[SUPPLIED DATA]

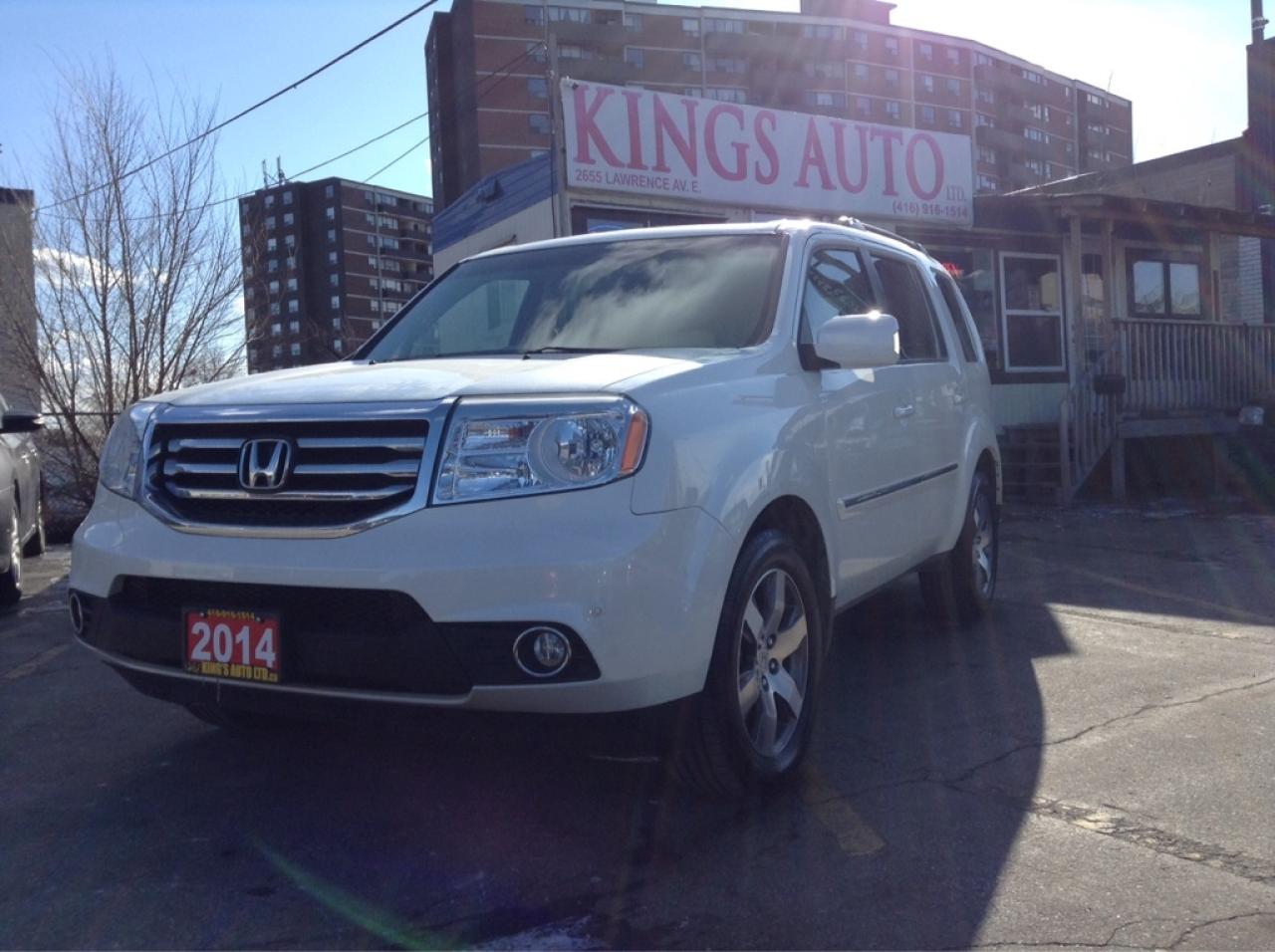 Used 2014 Honda Pilot 8 PASS, NAVI, DVD, BACK-UP CAM, SUNROOF, LEATHER for sale in Markham, ON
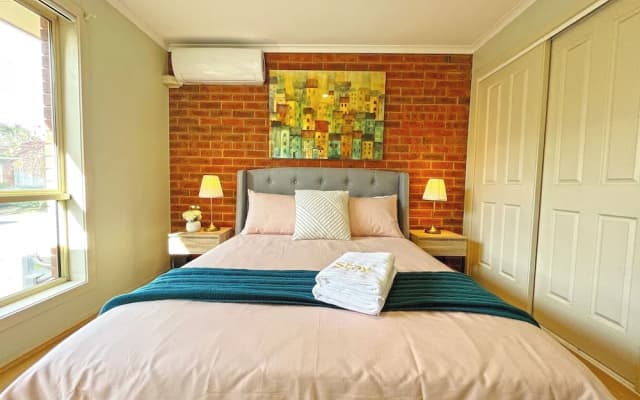 Ringwood 2BR Home - photo 5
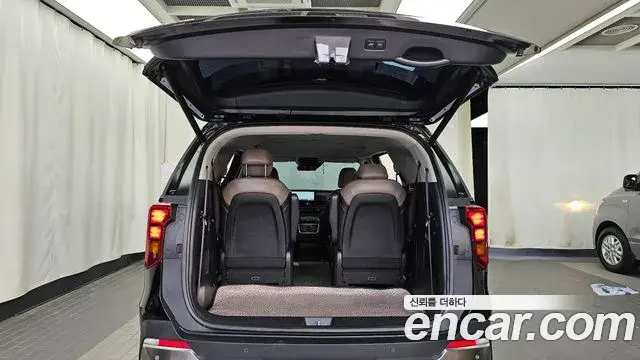 Kia Carnival 2024 — Фото 20/20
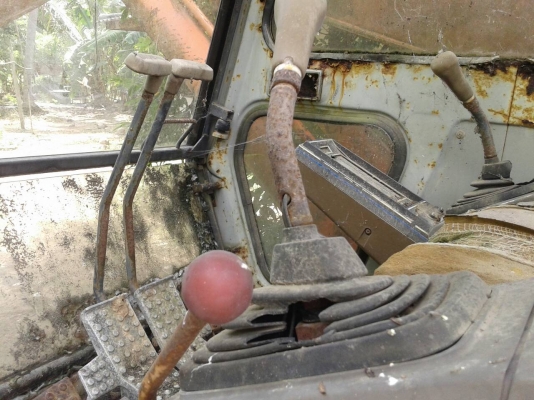 ขายรถแบคโฮ HITACHI EX200-1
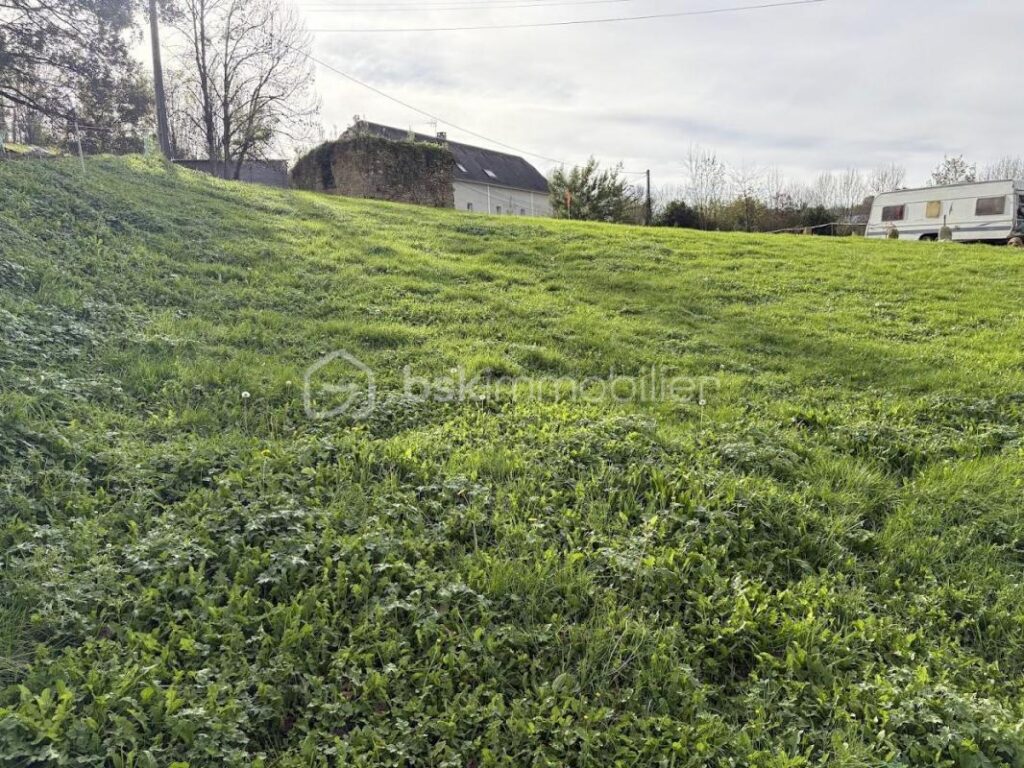 Terrain Constructible Cieutat – NR pièces – NR chambres – 1088 m²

[/SUPPLIED DATA]

PROBLEM DETAILS: Pictures stay out. Copy exactly, and only, the lines from the one containing "Kia Carnival 2024 — Фото 20/20" through the end of the data.

OUTPUT OF THE EXERCISE:
 Kia Carnival 2024 — Фото 20/20
 ขายรถแบคโฮ HITACHI EX200-1
 Terrain Constructible Cieutat – NR pièces – NR chambres – 1088 m²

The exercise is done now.